Australia yesterday mourned the death of Danish architect Joern Utzon, who designed Sydney’s iconic, sail-shaped Opera House but never saw it completed.
Prime Minister Kevin Rudd led the tributes to Utzon, who died in Copenhagen aged 90, describing him as a visionary whose legacy includes one of the world’s most spectacular and inspiring structures.
“This opera house is not just Sydney’s great symbol to the world, it’s Australia’s great symbol to the world. And we owe this great symbol to this great man who has now passed away,” Rudd said. “A son of Denmark, but I’ve got to say, in terms of his spirit, a son of Australia as well.”
The famous building’s lights were to be dimmed last night in memory of Utzon while the flags on Sydney’s nearby Harbor Bridge will fly at half-mast on today.
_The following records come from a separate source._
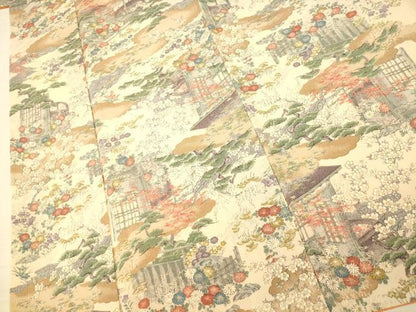 平和屋着物■上質な小紋 風景文 金彩 鬼しぼ縮緬 正絹 逸品 AABF3288fw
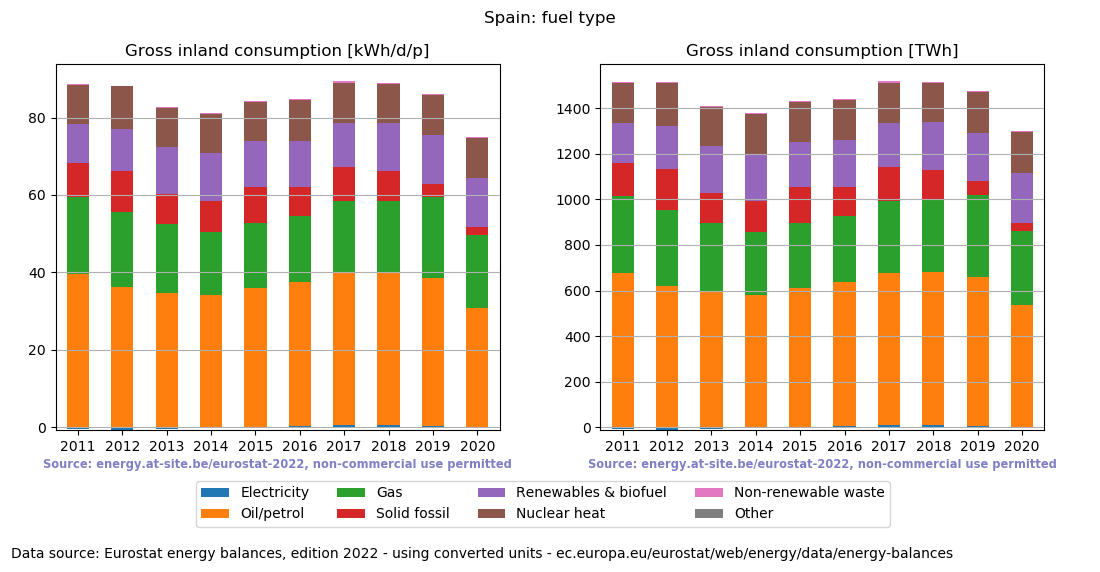 Gross inland energy consumption in 2020 for Spain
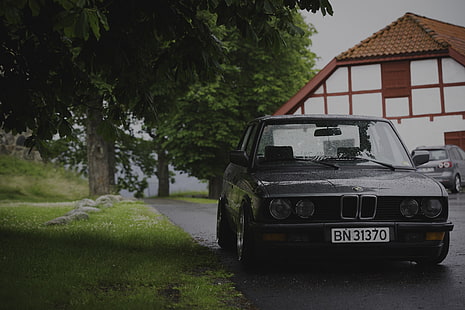 BMW E28, Noruega, verão, chuva, Posição, Stanceworks, baixa, HD papel de parede HD wallpaper
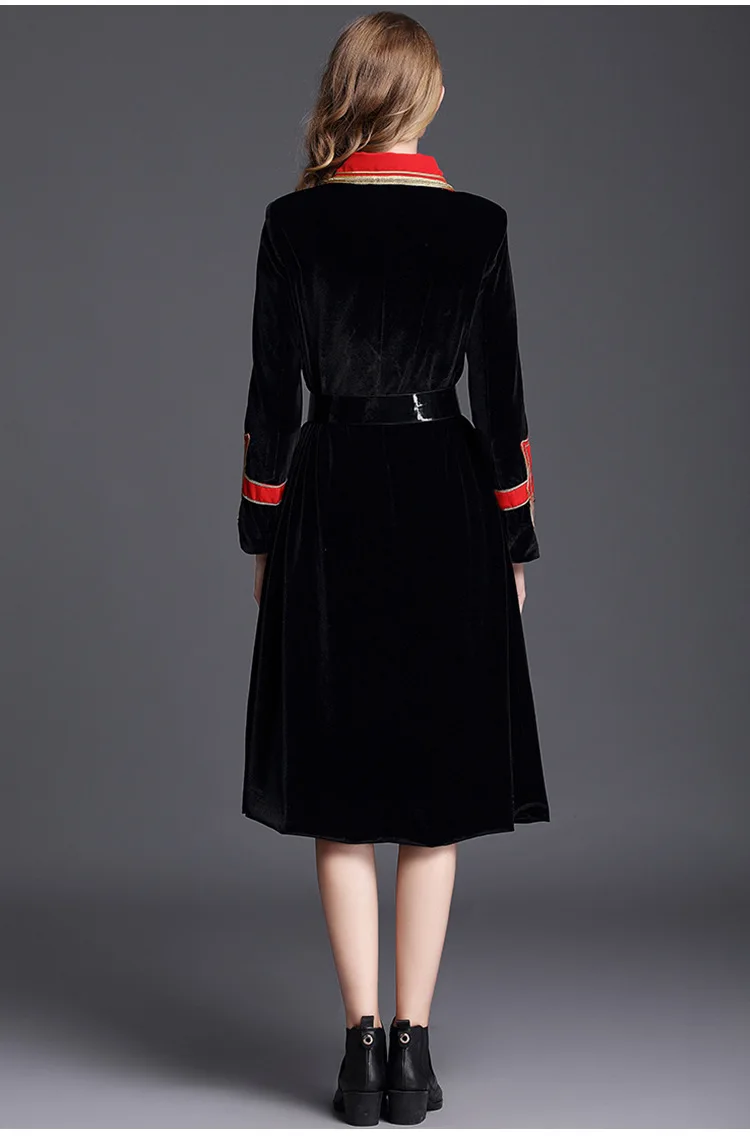 Зимнее дизайнерское винтажное элегантное женское длинное пальто с воротником, черное бархатное длинное пальто, плотное теплое пальто, верхняя одежда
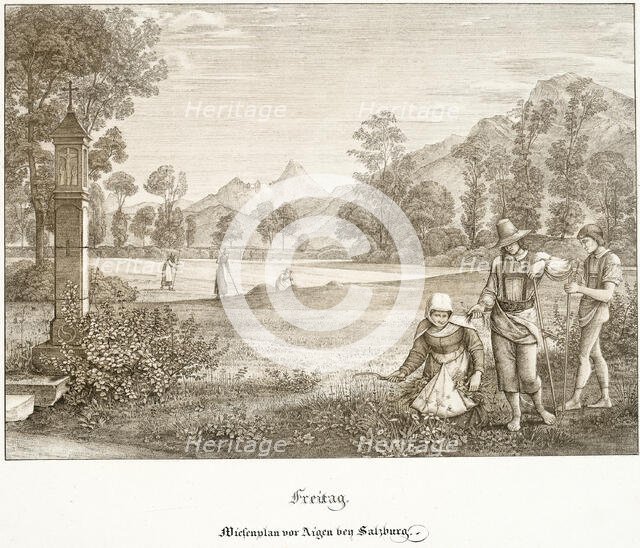 Friday: Meadow before Aigen Near Salzburg, 1823. Creator: Ferdinand Olivier.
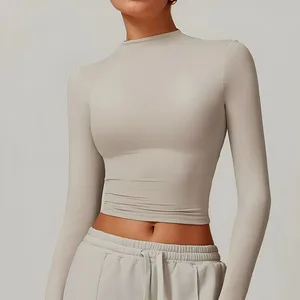 Custom High-Quality Quick-Drying Breathable Long-Sleeved Sportswear Fitness High-Neck Tight Sports Tops Women'S Gym Yoga Clothes
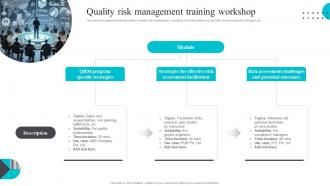 Quality Risk Management Training Workshop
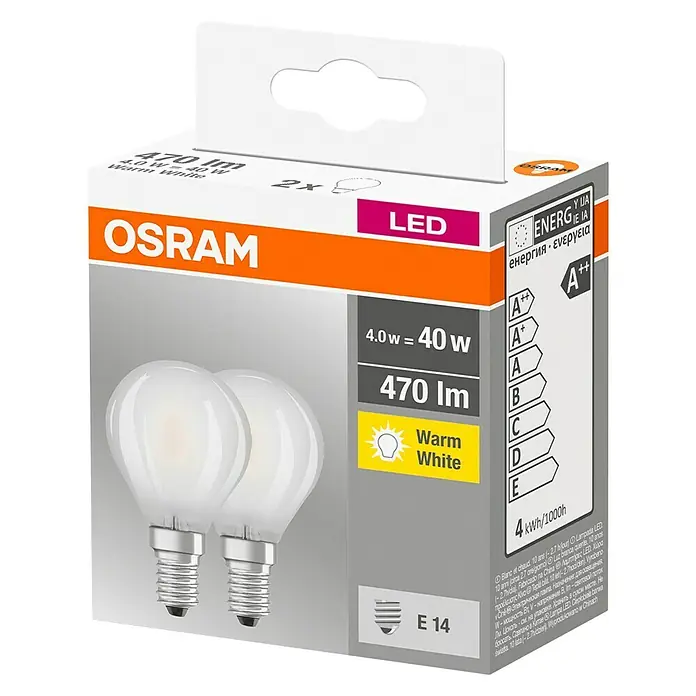 Osram Retrofit Ledlamp Star Classic P 40 - E14, 4 W, P45, Mat, 2 stk. - Diagonaal zicht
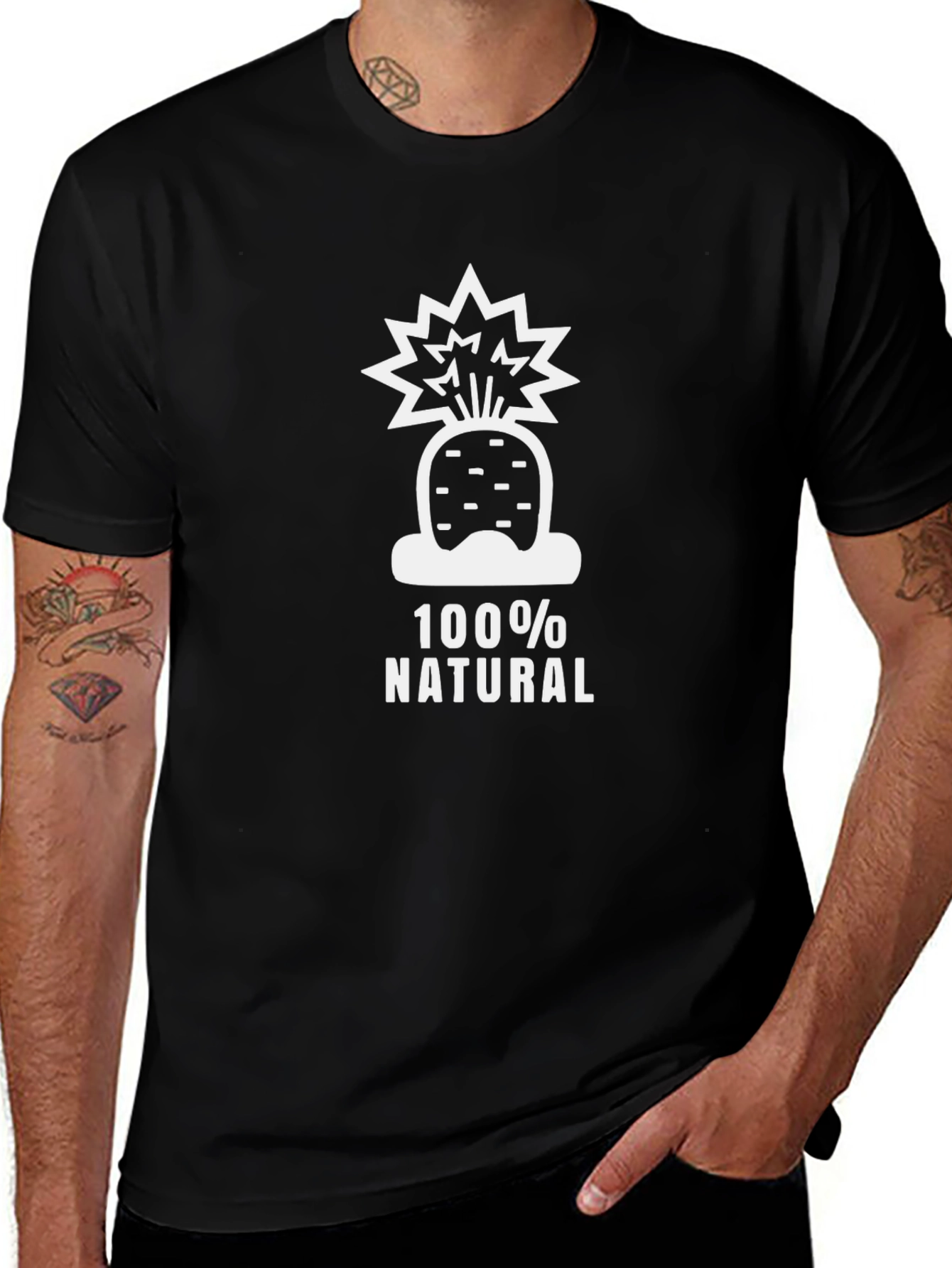 100% Natural Black Graphic Tee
New South Wales state premier Nathan Rees said Australia was indebted to Utzon for the “architectural masterpiece” which draws some 7.5 million visitors each year.
“[He was] a man ahead of his time and we were lucky enough to be the beneficiaries,” he said.
“We pay tribute to a visionary architect whose design for the Sydney Opera House — an architectural masterpiece — has come to symbolize the spirit of our great nation around the world.”
The Opera House Trust, which maintains and operates the building and which works with Utzon’s son Jan on modifications, said he was “an architectural and creative genius who gave Australia and the world a great gift.”
Utzon won a 1956 competition to design the building and began work the following year on a distinctive design which featured the off-white “sails” pointing towards the harbor.
But a storm of controversy over budget blow-outs and Utzon’s artistic vision saw him quit the project in 1966, and he never returned to Australia to see his the finished building.
When Britain’s Queen Elizabeth II opened the Opera House in 1973, the building’s interiors were not those of Utzon’s design and several unplanned venues had been added.
Sydney Opera House chief executive Richard Evans, who worked with Utzon on recent modifications, said he did not think the architect “carried around a lot of grief” about how the project was completed without him.